Periodic Reporting for period 4 - ROSALIND (Investigating fibROmuscular dysplasia and spontaneous coronary Artery dissection using genetic and functionaL genomics to decipher the origIN of two female specific cardiovascular Diseases)
Berichtszeitraum: 2021-09-01 bis 2023-02-28
ROSALIND project provided major advances in the genetic risk factors and biological mechanisms underlying FMD and SCAD pathogenesis. We generated large-scale genomic and genetic data for the first time for these neglected and understudied forms of cardiovascular disease. We identified globally 20 novel genes involved in the polygenic risk that we found to be high in both diseases. Through several studies combining genetic, transcriptomic, and epigenomic data, we pointed at several biological mechanisms at play in FMD and SCAD pathogenesis, mainly related to calcium exchange in link with smooth muscle cells contraction function, extracellular composition and maintenance, and tissue-mediated blood coagulation. We provided a novel cellular model of smooth muscle cells derived from induced pluripotent stem cells that we have validated through the study of one of the genes identified.
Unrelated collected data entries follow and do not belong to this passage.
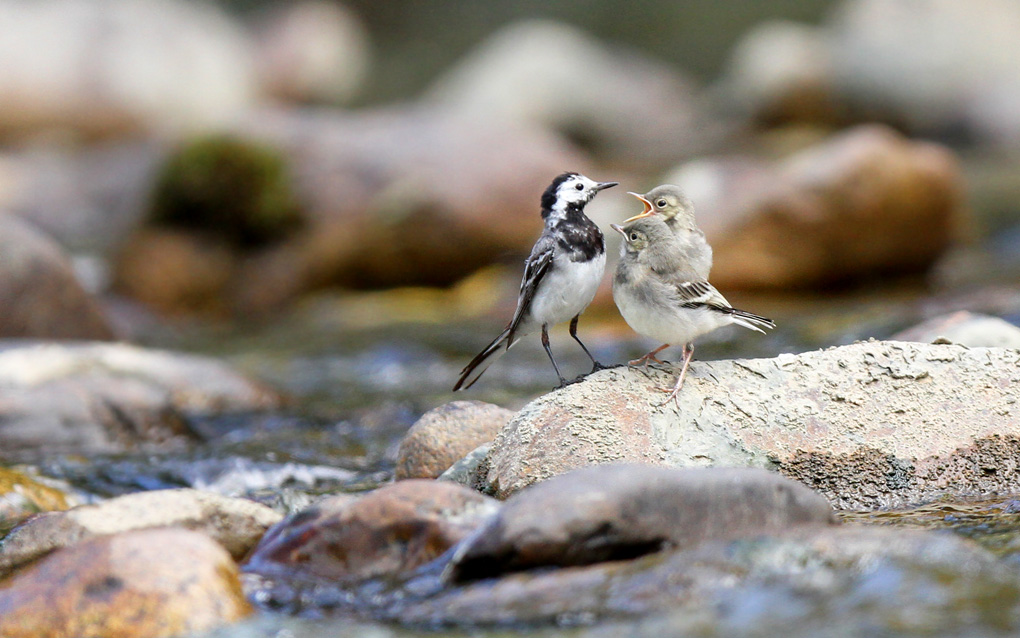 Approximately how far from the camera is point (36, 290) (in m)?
11.2

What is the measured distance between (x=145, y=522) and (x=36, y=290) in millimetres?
7070

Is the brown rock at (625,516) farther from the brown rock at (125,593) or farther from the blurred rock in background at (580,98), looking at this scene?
the blurred rock in background at (580,98)

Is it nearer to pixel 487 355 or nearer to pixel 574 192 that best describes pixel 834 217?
pixel 574 192

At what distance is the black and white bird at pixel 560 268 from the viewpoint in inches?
254

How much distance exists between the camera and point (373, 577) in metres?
4.65

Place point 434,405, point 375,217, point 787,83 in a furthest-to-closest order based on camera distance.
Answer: point 787,83
point 375,217
point 434,405

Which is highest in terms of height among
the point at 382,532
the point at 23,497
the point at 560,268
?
the point at 560,268

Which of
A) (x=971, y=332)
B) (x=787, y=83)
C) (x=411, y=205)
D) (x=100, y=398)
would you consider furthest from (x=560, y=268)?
(x=787, y=83)

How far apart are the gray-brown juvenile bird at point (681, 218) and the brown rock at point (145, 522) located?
2.66 metres

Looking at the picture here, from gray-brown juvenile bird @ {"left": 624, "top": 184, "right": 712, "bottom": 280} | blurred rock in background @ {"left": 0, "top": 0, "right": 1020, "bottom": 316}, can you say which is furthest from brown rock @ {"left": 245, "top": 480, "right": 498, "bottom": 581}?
blurred rock in background @ {"left": 0, "top": 0, "right": 1020, "bottom": 316}

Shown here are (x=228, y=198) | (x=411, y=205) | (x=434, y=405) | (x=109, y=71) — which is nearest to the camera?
(x=434, y=405)

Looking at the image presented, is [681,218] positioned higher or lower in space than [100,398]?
higher

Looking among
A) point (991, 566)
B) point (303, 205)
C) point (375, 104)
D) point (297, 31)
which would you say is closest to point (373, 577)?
point (991, 566)

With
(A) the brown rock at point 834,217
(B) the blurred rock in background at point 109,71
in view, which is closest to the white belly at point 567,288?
(A) the brown rock at point 834,217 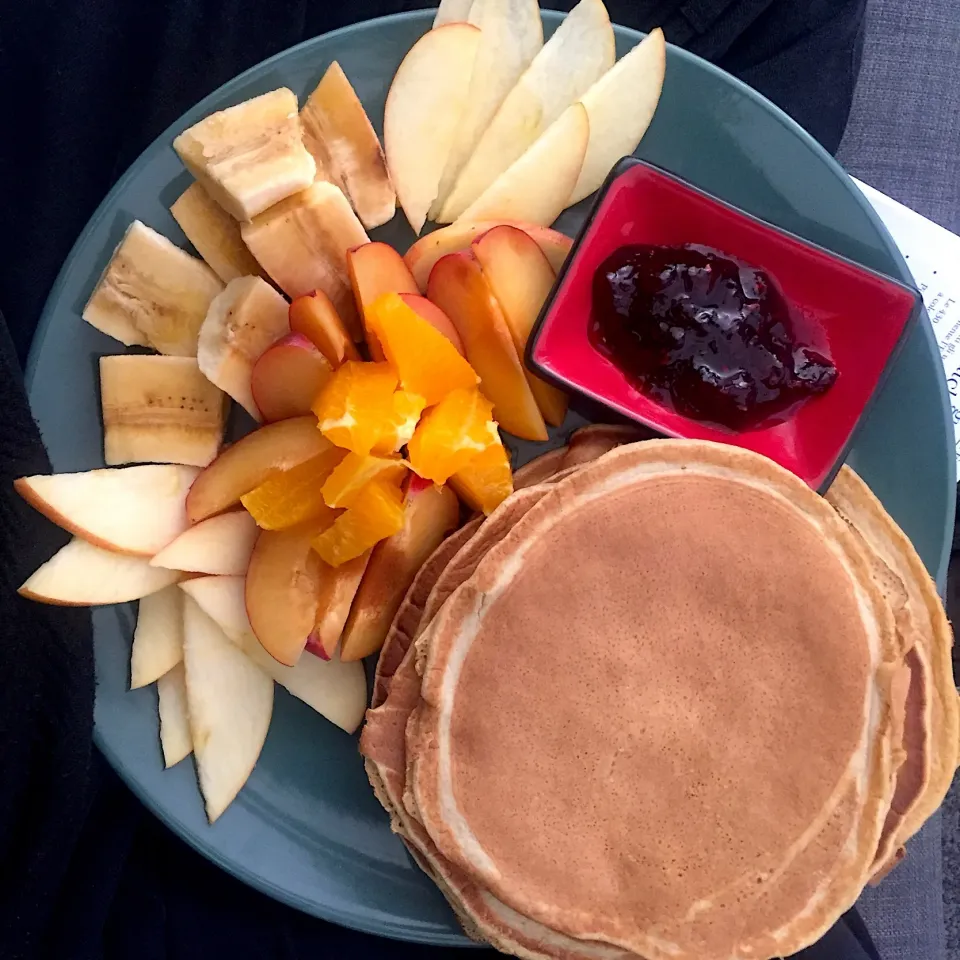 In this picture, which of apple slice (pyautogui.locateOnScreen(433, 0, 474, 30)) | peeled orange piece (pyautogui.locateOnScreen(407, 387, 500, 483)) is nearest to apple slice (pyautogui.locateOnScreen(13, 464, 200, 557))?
peeled orange piece (pyautogui.locateOnScreen(407, 387, 500, 483))

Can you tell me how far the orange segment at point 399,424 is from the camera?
1394 mm

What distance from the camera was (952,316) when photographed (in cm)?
200

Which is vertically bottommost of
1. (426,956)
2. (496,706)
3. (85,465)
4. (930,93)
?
(426,956)

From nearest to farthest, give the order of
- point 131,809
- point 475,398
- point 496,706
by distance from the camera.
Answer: point 496,706 < point 475,398 < point 131,809

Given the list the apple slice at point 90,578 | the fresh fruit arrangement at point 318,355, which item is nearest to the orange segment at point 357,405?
the fresh fruit arrangement at point 318,355

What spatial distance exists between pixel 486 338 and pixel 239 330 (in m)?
0.43

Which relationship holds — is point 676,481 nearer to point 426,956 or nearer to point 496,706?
point 496,706

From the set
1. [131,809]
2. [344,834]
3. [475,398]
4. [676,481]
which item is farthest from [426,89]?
[131,809]

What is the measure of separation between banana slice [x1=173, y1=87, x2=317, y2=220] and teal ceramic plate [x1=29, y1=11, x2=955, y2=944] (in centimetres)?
11

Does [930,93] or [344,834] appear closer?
[344,834]

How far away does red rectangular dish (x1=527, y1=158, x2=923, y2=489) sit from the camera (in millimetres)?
1490

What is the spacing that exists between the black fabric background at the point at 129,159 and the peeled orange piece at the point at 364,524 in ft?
1.70

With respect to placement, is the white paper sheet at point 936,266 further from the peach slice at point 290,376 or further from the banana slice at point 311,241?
the peach slice at point 290,376

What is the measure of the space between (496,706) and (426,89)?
1.08 metres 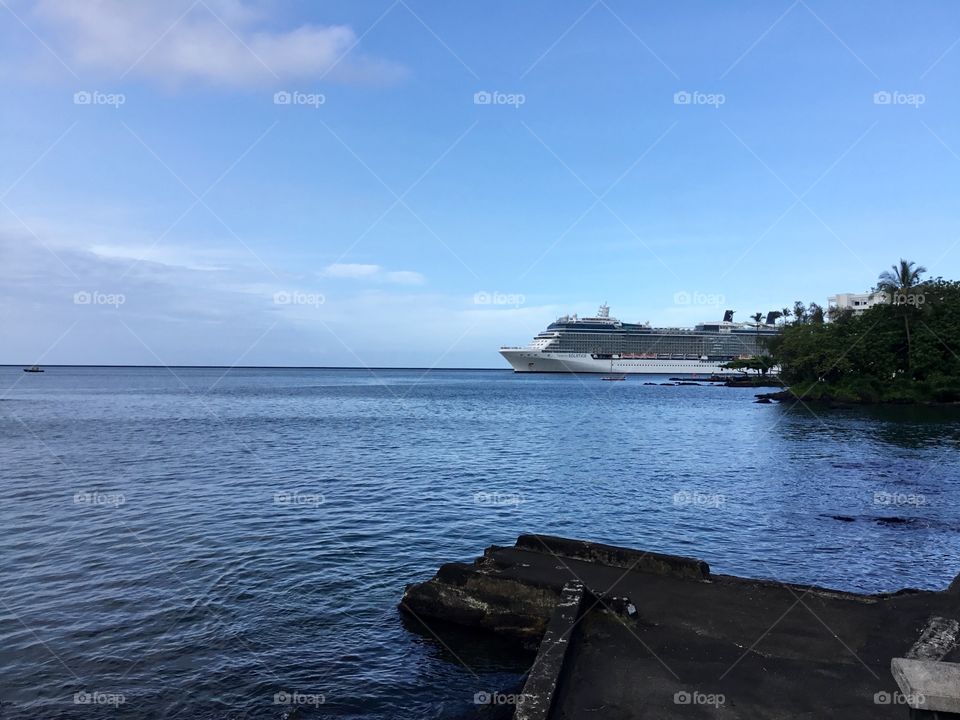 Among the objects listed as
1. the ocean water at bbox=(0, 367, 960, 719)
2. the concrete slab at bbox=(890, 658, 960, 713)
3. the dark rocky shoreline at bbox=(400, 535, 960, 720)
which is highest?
the concrete slab at bbox=(890, 658, 960, 713)

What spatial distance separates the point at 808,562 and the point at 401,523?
10493 mm

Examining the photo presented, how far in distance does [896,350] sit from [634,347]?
86.0 metres

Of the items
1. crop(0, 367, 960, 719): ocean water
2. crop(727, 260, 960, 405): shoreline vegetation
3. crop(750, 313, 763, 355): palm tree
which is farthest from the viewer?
crop(750, 313, 763, 355): palm tree

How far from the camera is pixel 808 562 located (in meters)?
14.2

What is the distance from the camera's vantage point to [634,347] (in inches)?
6206

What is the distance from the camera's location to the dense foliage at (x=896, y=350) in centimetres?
6631

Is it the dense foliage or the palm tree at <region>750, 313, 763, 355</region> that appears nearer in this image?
the dense foliage

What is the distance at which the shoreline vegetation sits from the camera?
217ft

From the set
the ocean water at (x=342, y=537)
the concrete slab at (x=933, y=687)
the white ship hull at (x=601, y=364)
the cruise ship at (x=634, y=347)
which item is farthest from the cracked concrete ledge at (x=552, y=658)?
the white ship hull at (x=601, y=364)

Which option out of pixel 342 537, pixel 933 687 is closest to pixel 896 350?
pixel 342 537

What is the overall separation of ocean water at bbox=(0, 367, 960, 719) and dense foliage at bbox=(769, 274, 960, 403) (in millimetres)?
32062

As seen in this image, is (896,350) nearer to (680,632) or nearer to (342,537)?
(342,537)

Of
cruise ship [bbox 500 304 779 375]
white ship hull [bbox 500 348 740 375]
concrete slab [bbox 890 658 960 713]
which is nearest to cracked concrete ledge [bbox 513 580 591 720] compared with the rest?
concrete slab [bbox 890 658 960 713]

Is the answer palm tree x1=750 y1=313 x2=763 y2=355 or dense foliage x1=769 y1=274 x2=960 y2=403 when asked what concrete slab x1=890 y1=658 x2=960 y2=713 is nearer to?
dense foliage x1=769 y1=274 x2=960 y2=403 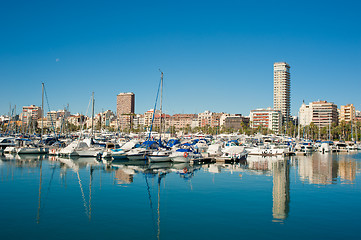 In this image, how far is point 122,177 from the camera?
1401 inches

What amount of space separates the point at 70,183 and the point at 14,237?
598 inches

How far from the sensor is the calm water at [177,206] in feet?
57.3

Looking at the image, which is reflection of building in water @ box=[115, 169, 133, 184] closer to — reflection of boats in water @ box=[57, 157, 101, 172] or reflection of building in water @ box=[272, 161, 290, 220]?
reflection of boats in water @ box=[57, 157, 101, 172]

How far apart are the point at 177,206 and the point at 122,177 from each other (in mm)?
14111

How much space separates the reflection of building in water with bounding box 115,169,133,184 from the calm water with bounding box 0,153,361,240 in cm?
10

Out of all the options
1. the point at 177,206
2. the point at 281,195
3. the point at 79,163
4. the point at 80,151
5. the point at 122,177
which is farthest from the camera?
the point at 80,151

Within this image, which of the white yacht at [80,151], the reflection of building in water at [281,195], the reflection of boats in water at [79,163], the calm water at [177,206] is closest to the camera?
the calm water at [177,206]

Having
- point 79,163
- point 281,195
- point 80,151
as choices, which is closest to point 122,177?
point 79,163

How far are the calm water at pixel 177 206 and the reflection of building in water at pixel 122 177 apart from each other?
10 centimetres

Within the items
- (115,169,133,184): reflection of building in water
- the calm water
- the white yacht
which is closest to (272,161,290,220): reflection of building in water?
the calm water

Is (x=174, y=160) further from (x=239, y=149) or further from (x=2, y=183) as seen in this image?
(x=2, y=183)

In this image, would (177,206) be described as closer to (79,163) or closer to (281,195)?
(281,195)

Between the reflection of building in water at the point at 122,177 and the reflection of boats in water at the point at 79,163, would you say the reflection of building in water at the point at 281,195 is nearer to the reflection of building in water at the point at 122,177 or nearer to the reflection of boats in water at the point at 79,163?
the reflection of building in water at the point at 122,177

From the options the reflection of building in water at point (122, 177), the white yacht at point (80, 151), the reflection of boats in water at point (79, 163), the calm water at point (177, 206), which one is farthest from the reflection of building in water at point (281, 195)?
the white yacht at point (80, 151) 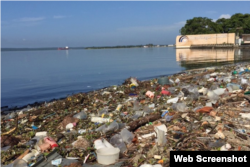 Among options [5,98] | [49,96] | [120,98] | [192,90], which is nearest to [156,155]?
[192,90]

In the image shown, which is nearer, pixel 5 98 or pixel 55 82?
pixel 5 98

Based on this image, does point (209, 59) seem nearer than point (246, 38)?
Yes

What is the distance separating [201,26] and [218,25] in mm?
4245

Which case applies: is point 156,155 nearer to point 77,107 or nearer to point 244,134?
point 244,134

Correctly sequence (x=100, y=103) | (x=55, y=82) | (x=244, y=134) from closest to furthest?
(x=244, y=134), (x=100, y=103), (x=55, y=82)

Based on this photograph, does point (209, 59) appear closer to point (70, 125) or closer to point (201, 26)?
point (70, 125)

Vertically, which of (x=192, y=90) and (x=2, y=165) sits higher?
(x=192, y=90)

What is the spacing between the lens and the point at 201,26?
64500 millimetres

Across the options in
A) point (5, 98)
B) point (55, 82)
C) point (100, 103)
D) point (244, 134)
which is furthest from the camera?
A: point (55, 82)

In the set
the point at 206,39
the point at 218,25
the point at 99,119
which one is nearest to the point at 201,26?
the point at 218,25

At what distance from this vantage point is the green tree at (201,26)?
63031 mm

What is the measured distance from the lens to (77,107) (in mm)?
7363

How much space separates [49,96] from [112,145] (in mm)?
8465

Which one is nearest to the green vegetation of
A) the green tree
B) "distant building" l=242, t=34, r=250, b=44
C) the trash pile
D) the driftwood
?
the green tree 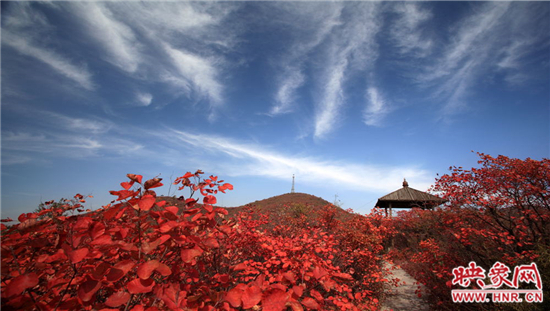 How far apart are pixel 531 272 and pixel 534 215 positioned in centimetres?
127

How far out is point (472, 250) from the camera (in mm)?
4871

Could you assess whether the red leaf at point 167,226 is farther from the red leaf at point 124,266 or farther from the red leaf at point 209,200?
the red leaf at point 209,200

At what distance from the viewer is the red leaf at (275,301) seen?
3.49ft

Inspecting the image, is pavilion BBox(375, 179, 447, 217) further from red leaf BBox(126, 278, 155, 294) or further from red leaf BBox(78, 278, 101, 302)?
red leaf BBox(78, 278, 101, 302)

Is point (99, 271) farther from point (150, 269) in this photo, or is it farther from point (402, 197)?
point (402, 197)

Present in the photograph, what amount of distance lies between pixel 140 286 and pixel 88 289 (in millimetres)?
230

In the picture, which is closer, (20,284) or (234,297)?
(20,284)

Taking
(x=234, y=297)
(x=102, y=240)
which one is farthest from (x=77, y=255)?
(x=234, y=297)

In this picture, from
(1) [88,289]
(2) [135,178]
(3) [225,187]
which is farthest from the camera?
(3) [225,187]

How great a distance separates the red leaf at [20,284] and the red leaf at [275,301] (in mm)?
952

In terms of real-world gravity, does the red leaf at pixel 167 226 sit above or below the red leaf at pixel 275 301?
above

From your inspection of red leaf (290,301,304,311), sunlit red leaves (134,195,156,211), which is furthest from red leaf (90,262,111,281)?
red leaf (290,301,304,311)

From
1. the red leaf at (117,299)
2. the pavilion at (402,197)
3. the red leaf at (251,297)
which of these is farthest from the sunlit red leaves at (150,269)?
the pavilion at (402,197)

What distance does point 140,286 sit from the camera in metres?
1.08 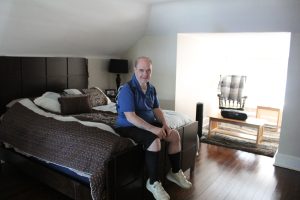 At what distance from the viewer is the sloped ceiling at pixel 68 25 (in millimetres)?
2891

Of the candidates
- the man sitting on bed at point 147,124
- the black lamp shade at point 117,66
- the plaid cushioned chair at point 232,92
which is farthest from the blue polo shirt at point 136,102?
the plaid cushioned chair at point 232,92

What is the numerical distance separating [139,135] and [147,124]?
0.12 m

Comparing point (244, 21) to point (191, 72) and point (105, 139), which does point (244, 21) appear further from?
point (105, 139)

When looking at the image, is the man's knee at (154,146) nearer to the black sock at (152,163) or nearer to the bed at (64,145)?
the black sock at (152,163)

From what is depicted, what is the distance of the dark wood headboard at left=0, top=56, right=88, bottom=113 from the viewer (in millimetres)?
3291

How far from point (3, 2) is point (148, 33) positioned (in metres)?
2.47

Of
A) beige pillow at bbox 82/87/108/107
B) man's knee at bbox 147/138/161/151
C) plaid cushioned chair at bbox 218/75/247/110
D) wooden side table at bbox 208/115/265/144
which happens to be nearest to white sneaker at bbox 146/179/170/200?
man's knee at bbox 147/138/161/151

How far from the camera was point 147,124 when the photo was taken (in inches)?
89.1

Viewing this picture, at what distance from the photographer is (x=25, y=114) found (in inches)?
113

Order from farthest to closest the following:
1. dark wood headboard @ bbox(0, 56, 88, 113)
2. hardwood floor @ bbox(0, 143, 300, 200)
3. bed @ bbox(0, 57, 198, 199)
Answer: dark wood headboard @ bbox(0, 56, 88, 113)
hardwood floor @ bbox(0, 143, 300, 200)
bed @ bbox(0, 57, 198, 199)

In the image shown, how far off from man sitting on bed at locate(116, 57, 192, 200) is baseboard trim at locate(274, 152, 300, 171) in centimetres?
171

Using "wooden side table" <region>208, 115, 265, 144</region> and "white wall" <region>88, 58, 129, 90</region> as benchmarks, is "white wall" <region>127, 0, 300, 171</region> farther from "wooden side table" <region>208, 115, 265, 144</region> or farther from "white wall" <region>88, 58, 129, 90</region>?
"white wall" <region>88, 58, 129, 90</region>

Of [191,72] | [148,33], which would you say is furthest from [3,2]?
[191,72]

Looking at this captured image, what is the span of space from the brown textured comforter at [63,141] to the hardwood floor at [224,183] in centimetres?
40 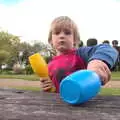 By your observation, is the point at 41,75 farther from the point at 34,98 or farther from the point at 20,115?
the point at 20,115

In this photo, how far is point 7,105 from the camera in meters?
1.55

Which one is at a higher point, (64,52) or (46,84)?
(64,52)

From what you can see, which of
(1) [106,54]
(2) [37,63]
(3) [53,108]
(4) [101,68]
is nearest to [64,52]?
(2) [37,63]

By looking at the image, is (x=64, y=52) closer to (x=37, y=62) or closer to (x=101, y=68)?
(x=37, y=62)

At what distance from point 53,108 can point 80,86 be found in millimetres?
130

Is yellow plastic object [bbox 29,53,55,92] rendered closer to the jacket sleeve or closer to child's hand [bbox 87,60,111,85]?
the jacket sleeve

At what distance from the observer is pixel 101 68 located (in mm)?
1588

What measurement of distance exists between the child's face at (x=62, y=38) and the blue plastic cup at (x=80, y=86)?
2.31ft

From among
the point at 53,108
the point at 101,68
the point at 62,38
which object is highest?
the point at 62,38

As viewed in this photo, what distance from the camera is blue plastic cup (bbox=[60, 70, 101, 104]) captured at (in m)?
1.40

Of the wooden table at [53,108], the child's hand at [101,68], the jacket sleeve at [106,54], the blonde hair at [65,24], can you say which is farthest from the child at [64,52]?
the wooden table at [53,108]

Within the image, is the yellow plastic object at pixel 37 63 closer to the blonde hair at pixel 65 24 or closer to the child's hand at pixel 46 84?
the child's hand at pixel 46 84

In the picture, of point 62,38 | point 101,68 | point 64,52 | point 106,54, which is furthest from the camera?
point 64,52

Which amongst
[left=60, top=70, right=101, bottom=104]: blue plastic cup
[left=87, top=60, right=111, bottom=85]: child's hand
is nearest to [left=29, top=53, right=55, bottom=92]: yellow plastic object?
[left=87, top=60, right=111, bottom=85]: child's hand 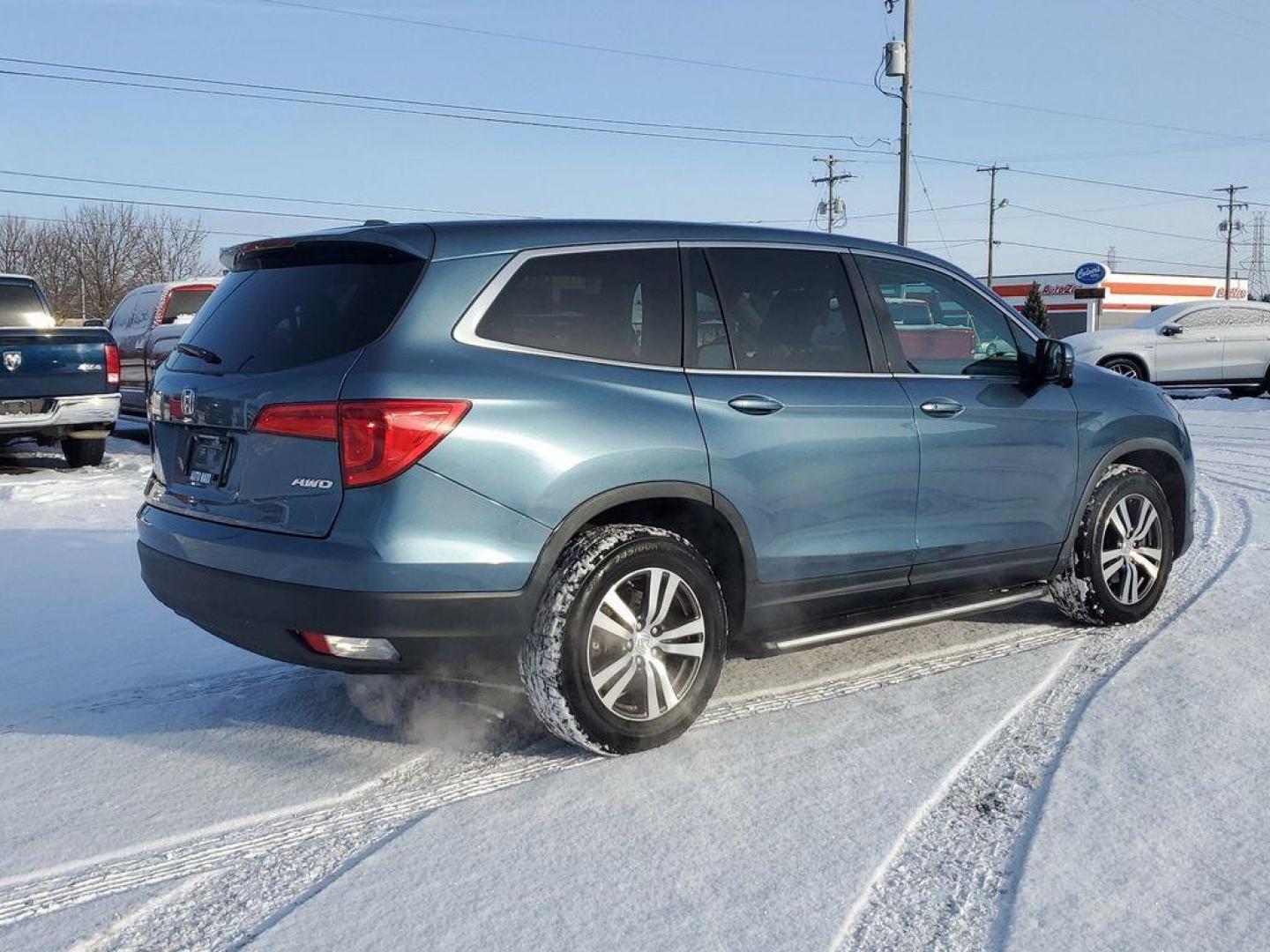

Overall, ROSALIND provided many novel leads into FMD and SCAD pathogenesis and disease prevention. We found several biological mechanisms that are now the focus of future investigation aiming at the conception of innovative treatments for FMD and SCAD.
ROSALIND has allowed the generation of an unprecedented wealth of genetic and genomic data related to FMD and SCAD and beyond, as we found novel biological mechanisms also related to a large spectrum of arterial diseases. Our findings set the stage for an ambitious follow-up with aim to translate those genetic and genomic findings into specific preventive and therapeutic strategies to cardiovascular diseases predominantly affecting women.
In the functional and cellular part, we have decided to create SMC models from iPSCs, a new technical strategy I have adopted to go beyond the limitations of primary cell lines planned initially. We succeeded to generated valid models using iPSC-derived SMCs to comprehensively study gene regulation and function at FMD and SCAD loci. We provided a validation of this new cellular tool to study the LRP1 locus that is under consideration for publication.